“I think Trump may be one of those figures who appear in history from time to time to mark the end of an era and to force it to give up the old pretences.”
Henry Kissinger. 21.7.18
The third quarter was difficult in financial markets. Tightening liquidity as a result of the Federal Reserve’s increase in interest rates, escalating trade tensions, a rising oil price, and heightened worries on European stability with Brexit talks in a quagmire and a threat of Italy exiting the EU, all combined to undermine sentiment. However once again markets outside the US suffered most and by the end of the quarter the US equity market was at/near its highs. The US stock market is benefiting from a strong economy and the tax cuts that the Trump Administration achieved at the end of 2017. Goldman’s have estimated that share buybacks could reach almost one trillion dollars this year. This performance has been despite the rise in interest rates and bond yields as the ten-year rate rose to 3.05%. Outside the US surplus liquidity has been drained from the system exposing the weakest links, Argentina and Turkey’s currencies crashed and other Emerging Market assets suffered. This sharp divergence has been a feature of the last ten years. On the tenth anniversary of Lehman’s collapse and the ensuing financial crisis the surprise has been that while the US has had a weak economic recovery it was accompanied by a soaring stock market.
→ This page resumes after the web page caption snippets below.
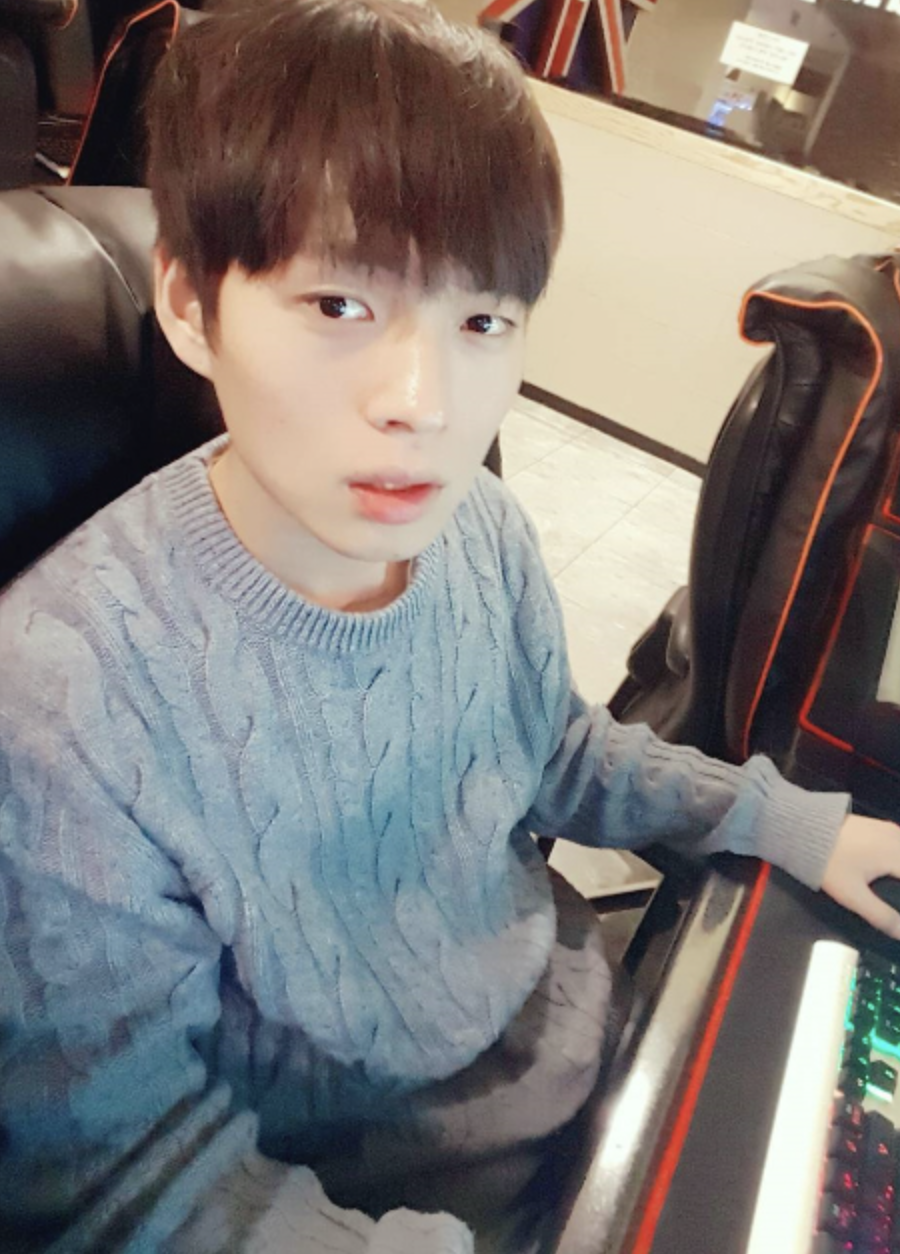 가수-최낙타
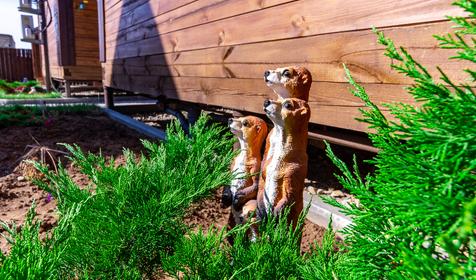 Усадьба Соленое Озеро, Темрюкский район, Веселовка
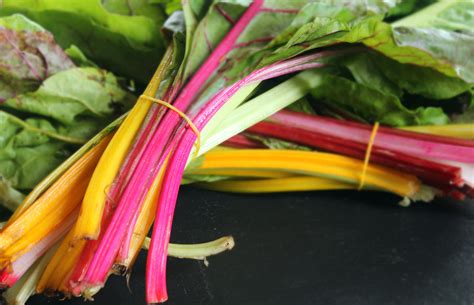 Rainbow Chard: Farmer's Market Finds - Erin Dishes Nutrition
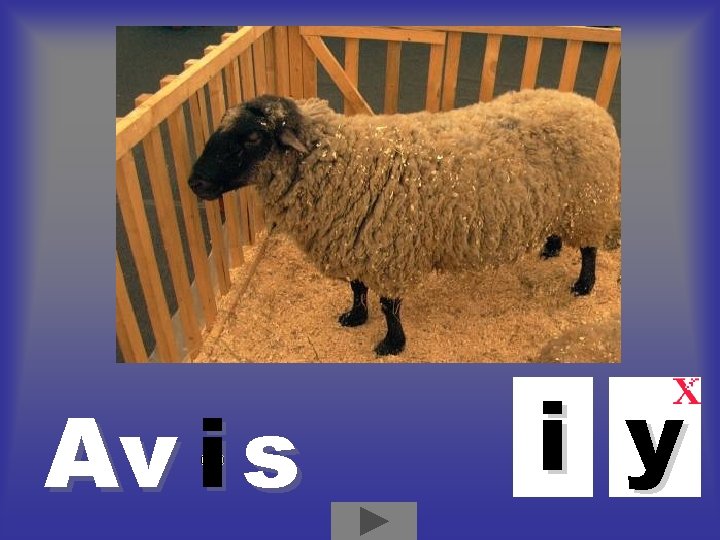 Av i s i y Av i s i y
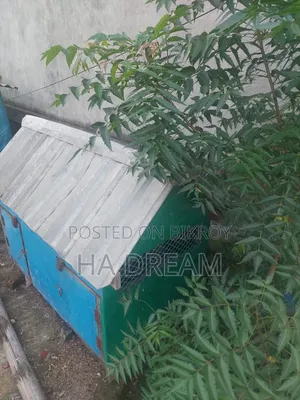 Chicken Coop Sell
The comparison to the Japanese experience following their collapse in 1990 could not be starker. Ten years after the Japanese bubble burst the Japanese Topix index was half its pre-crash level, while the S&P is up more than twice, and more than four times off its lows. Their bubbles were different, but a significant driver of the S&P’s recovery was the enormous share buybacks American companies have undertaken which Goldman Sachs estimates at $4.5 trillion over the last decade. This buyback program has been turbo charged by the Trump tax cuts with estimates that they will approach $1.5 trillion in 2018 alone.